Lensing observables follow Gaussian distributions in the presence of subhalos.

The formalism reduces computational costs for modeling substructure effects.

Enables Bayesian inference for satellite population detection.

Abstract

In the standard structure formation scenario based on the cold dark matter paradigm, galactic halos are predicted to contain a large population of dark matter subhalos. While the most massive members of the subhalo population can appear as luminous satellites and be detected in optical surveys, establishing the existence of the low mass and mostly dark subhalos has proven to be a daunting task. Galaxy-scale strong gravitational lenses have been successfully used to study mass substructures lying close to lensed images of bright background sources. However, in typical galaxy-scale lenses, the strong lensing region only covers a small projected area of the lens's dark matter halo, implying that the vast majority of subhalos cannot be directly detected in lensing observations.

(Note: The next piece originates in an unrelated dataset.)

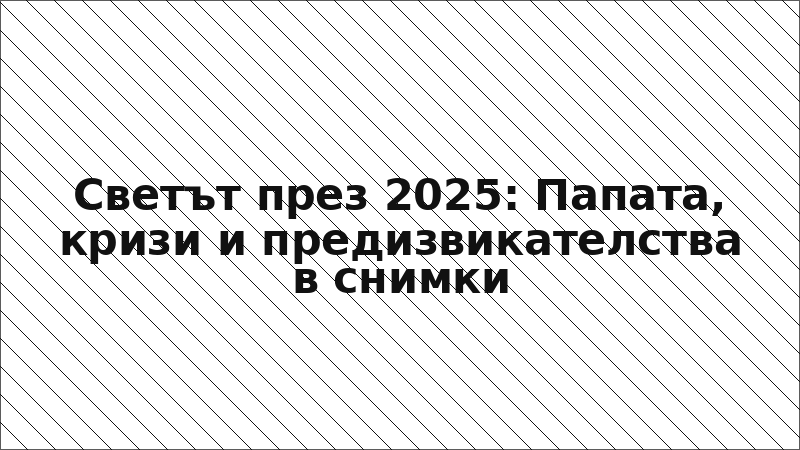 Светът през 2025: Папата, кризи и предизвикателства в снимки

In this paper, we point out that this large population of dark satellites can collectively affect gravitational lensing observables, hence possibly allowing their statistical detection. Focusing on the region of the galactic halo outside the strong lensing area, we compute from first principles the statistical properties of perturbations to the gravitational time delay and position of lensed images in the presence of a mass substructure population. We find that in the standard cosmological scenario, the statistics of these lensing observables are well approximated by Gaussian distributions. The formalism developed as part of this calculation is very general and can be applied to any halo geometry and choice of subhalo mass function. Our results significantly reduce the computational cost of including a large substructure population in lens models and enable the use of Bayesian inference techniques to detect and characterize the distributed satellite population of distant lens galaxies.